2-3 Straßen: Ein kollektives Schreibprojekt nach einer Idee von Jochen Gerz

2-3 Straßen: Ein kollektives Schreibprojekt nach einer Idee von Jochen Gerz

2strassencoveerFast achtzig Autorinnen und Autoren beziehen Wohnungen im Ruhrgebiet, beobachten den Alltag und schreiben gemeinsam ein Buch. Nun liegt das gedruckte Ergebnis vor: 2-3 Straßen/TEXT.
Von Miriam Bargheer.


2-3 Straßen – hinter dem bescheidenen Titel verbirgt sich ein ambitioniertes Projekt: 78 Personen verließen 2010 ihre vertraute Umgebung, um ein Jahr lang gemeinsam ein Buch zu schreiben und Teil einer Ausstellung zu werden. Die 2-3 Straßen, deren Alltagsleben der 1940 in Berlin geborene Künstler Jochen Gerz ein literarisches Denkmal setzen wollte, liegen in Wirklichkeit verstreut in Dortmund, Mülheim an der Ruhr und Duisburg. Es sind typische Ruhrgebietsstraßen und stellen als solche einen Mikrokosmos des Lebens und Zusammenlebens sowie der Probleme eines urbanen und multiethnischen Raums dar.

Jochen Gerz

Jochen Gerz

Im Vorfeld des Projekts tauschte sich Jochen Gerz zwölf Monate lang intensiv mit den potenziellen Projektteilnehmern via Internet aus.
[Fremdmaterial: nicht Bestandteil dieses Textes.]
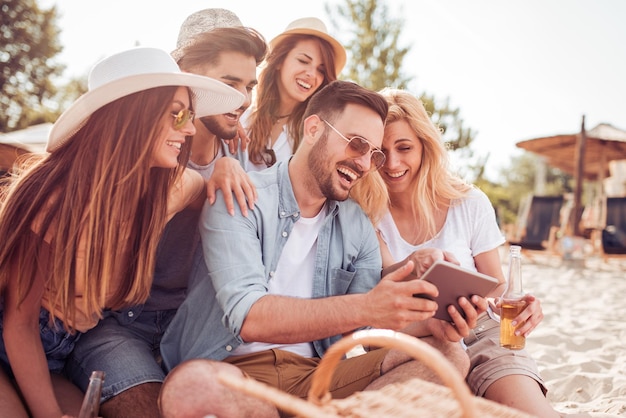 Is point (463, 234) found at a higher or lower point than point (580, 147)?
higher

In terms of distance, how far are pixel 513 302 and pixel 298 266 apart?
1.01 meters

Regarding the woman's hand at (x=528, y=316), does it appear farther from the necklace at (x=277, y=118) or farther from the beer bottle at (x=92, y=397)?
the necklace at (x=277, y=118)

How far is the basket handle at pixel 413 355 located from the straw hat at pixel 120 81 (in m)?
1.36

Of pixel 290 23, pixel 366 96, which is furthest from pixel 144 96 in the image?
pixel 290 23

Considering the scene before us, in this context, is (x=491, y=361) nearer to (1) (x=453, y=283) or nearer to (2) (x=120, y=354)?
(1) (x=453, y=283)

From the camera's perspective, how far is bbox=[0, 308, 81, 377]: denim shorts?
2.43 m

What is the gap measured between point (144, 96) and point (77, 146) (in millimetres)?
338

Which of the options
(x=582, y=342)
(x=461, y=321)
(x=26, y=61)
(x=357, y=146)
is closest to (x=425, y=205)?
(x=357, y=146)

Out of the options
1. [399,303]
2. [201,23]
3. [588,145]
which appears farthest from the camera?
[588,145]

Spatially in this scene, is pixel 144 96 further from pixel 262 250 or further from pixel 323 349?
pixel 323 349

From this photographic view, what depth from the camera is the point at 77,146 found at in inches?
91.0

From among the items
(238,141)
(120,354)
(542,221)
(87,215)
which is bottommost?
(542,221)

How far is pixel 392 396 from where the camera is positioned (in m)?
1.52

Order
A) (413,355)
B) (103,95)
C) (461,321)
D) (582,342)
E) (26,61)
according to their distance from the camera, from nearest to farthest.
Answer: (413,355), (103,95), (461,321), (582,342), (26,61) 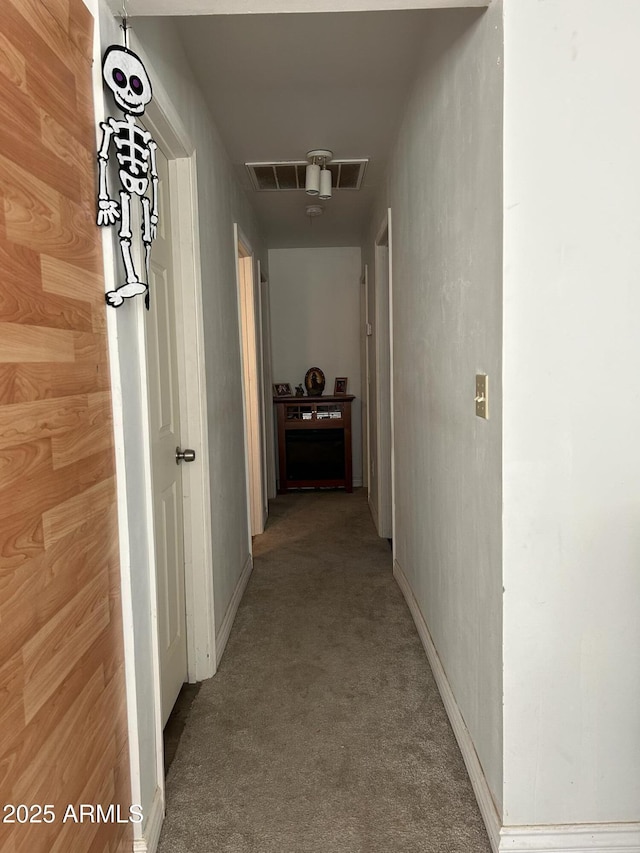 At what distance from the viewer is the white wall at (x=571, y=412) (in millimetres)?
1392

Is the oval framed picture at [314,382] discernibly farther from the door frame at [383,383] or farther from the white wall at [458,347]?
the white wall at [458,347]

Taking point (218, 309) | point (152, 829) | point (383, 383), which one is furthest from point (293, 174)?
point (152, 829)

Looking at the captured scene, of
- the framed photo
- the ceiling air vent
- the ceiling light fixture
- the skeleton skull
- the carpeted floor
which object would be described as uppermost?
the ceiling air vent

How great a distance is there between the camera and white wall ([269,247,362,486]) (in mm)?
6172

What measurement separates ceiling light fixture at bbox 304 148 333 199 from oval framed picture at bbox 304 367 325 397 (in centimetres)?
265

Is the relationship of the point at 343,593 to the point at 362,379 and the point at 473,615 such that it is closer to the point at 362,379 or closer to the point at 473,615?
the point at 473,615

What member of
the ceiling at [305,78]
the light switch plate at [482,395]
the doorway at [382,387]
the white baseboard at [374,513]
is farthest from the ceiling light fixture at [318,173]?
the white baseboard at [374,513]

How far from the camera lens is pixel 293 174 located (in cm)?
376

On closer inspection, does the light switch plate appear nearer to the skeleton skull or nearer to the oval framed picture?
the skeleton skull

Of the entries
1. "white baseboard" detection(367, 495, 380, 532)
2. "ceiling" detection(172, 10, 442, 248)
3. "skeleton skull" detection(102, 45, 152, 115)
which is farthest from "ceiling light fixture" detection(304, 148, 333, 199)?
"white baseboard" detection(367, 495, 380, 532)

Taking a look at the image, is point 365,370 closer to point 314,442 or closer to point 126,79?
point 314,442

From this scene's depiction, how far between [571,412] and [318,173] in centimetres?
250

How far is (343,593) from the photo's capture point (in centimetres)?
338

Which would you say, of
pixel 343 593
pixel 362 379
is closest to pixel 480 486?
pixel 343 593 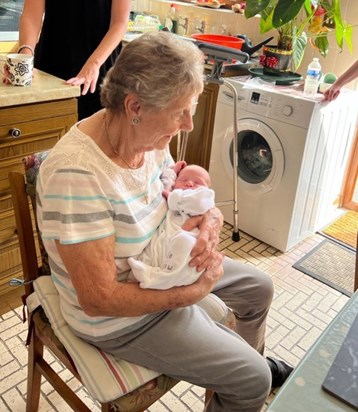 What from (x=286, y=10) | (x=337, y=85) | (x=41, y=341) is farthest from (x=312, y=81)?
(x=41, y=341)

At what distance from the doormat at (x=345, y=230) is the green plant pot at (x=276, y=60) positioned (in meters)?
1.04

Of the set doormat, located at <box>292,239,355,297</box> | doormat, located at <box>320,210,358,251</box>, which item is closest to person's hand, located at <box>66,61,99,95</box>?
doormat, located at <box>292,239,355,297</box>

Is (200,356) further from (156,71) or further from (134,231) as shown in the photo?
(156,71)

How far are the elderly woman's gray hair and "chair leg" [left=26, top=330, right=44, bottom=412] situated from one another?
0.74 m

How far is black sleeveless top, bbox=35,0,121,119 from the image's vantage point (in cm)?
178

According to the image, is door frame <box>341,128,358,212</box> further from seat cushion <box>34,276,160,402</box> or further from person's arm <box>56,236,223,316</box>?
seat cushion <box>34,276,160,402</box>

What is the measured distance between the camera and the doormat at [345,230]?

Er wollte die Motivation der Bewerber ergründen, da die Teilnahme an diesem Projekt für den Einzelnen weitaus folgenreicher sein würde, als die übliche Teilnahme an einer Ausstellung. Schlussendlich wurden aus insgesamt 1457 Bewerbern 78 Kandidaten ausgewählt. Die Wohnungen für 2-3 Straßen wurden mietfrei zur Verfügung gestellt.

Zusammen mit den ansässigen Bewohnern und Besuchern der ausgewählten Straßenzüge entstand über das Jahr 2010 hinweg ein 3000 Seiten starker mehrsprachiger Text – verfasst von 887 verschiedenen Autoren. Die Texte wurden am Computer geschrieben und mithilfe einer browserbasierten Software archiviert. Durch die direkte Einspeisung in eine geschützte Oberfläche war es den Verfassern nicht mehr möglich, die Beiträge im Nachhinein zu korrigieren. Dadurch verblieben die Schriftstücke in ihrer ursprünglichen Fassung und können somit als eine unmittelbare und authentische Momentaufnahme gelesen werden.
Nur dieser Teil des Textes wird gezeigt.